Dedi dan kawan-kawan buruh tidak puas dengan penjelasan pemerintah tentang RUU Cipta Kerja. Ketidakjelasan ini terutama dalam poin-poin yang ditolak. Menurut dia, buruh dan pekerja waswas pemutusan hak kerja sepihak, upah berdasarkan jam kerja, dan tidak ada kepastian karena potensi kontrak seumur hidup. Sementara penjelasan dari kementerian tidak memuaskan, misalnya apakah mendapatkan upah atau tidak selama cuti.
”Hari ini lihat reaksi DPR dan pemerintah seperti apa. Serikat sudah lakukan pendekatan, tetapi ternyata kemarin dikebut, masukan juga sia-sia. Buruh dan pekerja akan mogok nasional di wilayah masing-masing,” katanya. Menurut rencana, mogok nasional akan berlangsung 6-8 Oktober 2020.
Anggota dan pimpinan Badan Legislasi DPR saat rapat Panitia Kerja Badan Legislasi DPR melanjutkan pembahasan daftar inventarisasi masalah RUU Cipta Kerja di Kompleks Gedung Parlemen, Senayan, Jakarta, Kamis (27/8/2020).
Terancamnya kesejahteraan buruh dan pekerja lewat RUU Cipta Kerja menjadi kekhawatiran Radiansyah Ramadhan (24). Apalagi poin-poin di dalamnya tidak dijelaskan secara baik oleh DPR dan pemerintah. ”Saya takut kesejahteraan pegawai dan buruh terancam. Informasi tentang RUU ini masih kurang jelas dan tidak terlalu detail,” ucap Radiansyah.
Ketidakjelasan ini bermuara pada sulit memahami inti dan tujuan RUU Cipta Kerja. Hanya tersisa tanya di dalam benaknya, kepada siapa sasaran utama pengesahan RUU ini. ”Mengambil poin intinya agak susah. Ujung-ujungnya saya berpikir pemerintah mau ngapain sih dari pengesahan RUU Cipta Kerja?” ujarnya.
Banyak pihak menyayangkan kekukuhan DPR dan pemerintah di tengah berbagai penolakan publik. Ini menunjukkan ketidakpedulian terhadap nasib rakyat.

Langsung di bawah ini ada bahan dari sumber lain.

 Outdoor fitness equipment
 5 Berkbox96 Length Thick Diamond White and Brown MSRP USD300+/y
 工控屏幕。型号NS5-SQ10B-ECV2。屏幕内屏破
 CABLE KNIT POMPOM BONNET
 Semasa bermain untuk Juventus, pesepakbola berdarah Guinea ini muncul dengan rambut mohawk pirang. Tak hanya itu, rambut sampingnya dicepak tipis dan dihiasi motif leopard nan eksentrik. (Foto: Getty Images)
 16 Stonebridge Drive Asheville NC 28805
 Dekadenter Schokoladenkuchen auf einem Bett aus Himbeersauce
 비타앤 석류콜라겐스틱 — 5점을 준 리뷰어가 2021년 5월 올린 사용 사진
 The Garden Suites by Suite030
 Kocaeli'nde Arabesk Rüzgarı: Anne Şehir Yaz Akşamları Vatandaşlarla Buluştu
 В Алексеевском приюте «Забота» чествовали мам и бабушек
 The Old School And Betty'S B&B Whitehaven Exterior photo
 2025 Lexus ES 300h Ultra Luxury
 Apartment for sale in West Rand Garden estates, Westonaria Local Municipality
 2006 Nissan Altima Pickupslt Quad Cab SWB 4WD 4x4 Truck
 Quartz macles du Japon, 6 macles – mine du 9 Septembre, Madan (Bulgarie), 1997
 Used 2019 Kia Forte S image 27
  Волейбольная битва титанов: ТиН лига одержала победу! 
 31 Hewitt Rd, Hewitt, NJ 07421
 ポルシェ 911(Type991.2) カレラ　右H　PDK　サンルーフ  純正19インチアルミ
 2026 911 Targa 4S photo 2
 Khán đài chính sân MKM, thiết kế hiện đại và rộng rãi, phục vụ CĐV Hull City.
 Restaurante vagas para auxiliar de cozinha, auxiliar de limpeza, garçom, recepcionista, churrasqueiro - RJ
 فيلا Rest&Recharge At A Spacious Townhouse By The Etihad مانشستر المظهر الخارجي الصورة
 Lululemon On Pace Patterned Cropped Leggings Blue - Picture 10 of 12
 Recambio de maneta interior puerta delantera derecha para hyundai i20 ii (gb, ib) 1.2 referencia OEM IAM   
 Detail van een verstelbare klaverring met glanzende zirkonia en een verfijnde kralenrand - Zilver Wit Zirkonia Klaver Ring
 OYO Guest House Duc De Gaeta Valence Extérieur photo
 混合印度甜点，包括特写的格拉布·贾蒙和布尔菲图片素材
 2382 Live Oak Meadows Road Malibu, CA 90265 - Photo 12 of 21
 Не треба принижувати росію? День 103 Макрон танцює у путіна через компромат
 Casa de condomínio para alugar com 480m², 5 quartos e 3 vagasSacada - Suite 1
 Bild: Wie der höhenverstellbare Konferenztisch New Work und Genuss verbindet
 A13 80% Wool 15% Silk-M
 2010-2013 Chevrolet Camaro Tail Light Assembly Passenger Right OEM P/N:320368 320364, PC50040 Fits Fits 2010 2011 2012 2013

Direktur Eksekutif Institute for Development of Economics and Finance (Indef) Enny Sri Hartati menyayangkan sikap DPR dan pemerintah yang tetap bersikukuh mengesahkan RUU Cipta Kerja di tengah berbagai penolakan publik. ”Itu luar biasa jahatnya. Persoalannya, kalau kami ingin menguliti (isi RUU Cipta Kerja) itu, drafnya tidak dibuka. Jadi, diskursusnya juga tidak berkembang,” ujar Enny.
Lalu lintas di Jalan Gatot Soebroto depan Kompleks Parlemen, Senayan, Jakarta Pusat, ramai lancar di tengah penolakan buruh dan pekerja terhadap RUU Cipta Kerja, Senin (5/10/2020).
Menurut dia, apabila RUU Cipta Kerja tetap disahkan, ini akan semakin mendegradasi kepercayaan publik terhadap DPR dan pemerintah. Sebab, hal ini sangat berbahaya karena semua pihak seharusnya bisa bersatu padu mengatasi pandemi Covid-19.
”Persoalannya, ketika pemerintah dan DPR sendiri membuat kebijakan yang memicu distrust (ketidakpercayaan), upaya kepaduan tadi malah menjadi buyar. Dan itu yang jadi salah satu penyebab Indonesia akan menjadi salah satu negara yang sendirian. Yang lain sudah selesai mengatasi pandemi, kita masih saja berkutat dengan urusan-urusan seperti itu dan tidak selesai-selesai,” katanya
Ketua Umum Konfederasi Kongres Aliansi Buruh Indonesia Nining Elitos menilai pengesahan RUU Cipta Kerja menunjukkan ketidakpedulian pemerintah dan wakil rakyat terhadap nasib rakyat karena tidak mendengar aspirasi rakyat. ”Kami mendesak agar RUU Cipta Kerja tidak dibahas. Pemerintah dan DPR terus menutup mata dan telinga mereka atas penderitaan dan kesengsaraan rakyat,” ucap Nining. Untuk itu, serikat buruh akan melakukan aksi di berbagai daerah serta di depan Gedung DPR pada 6-8 Oktober 2020.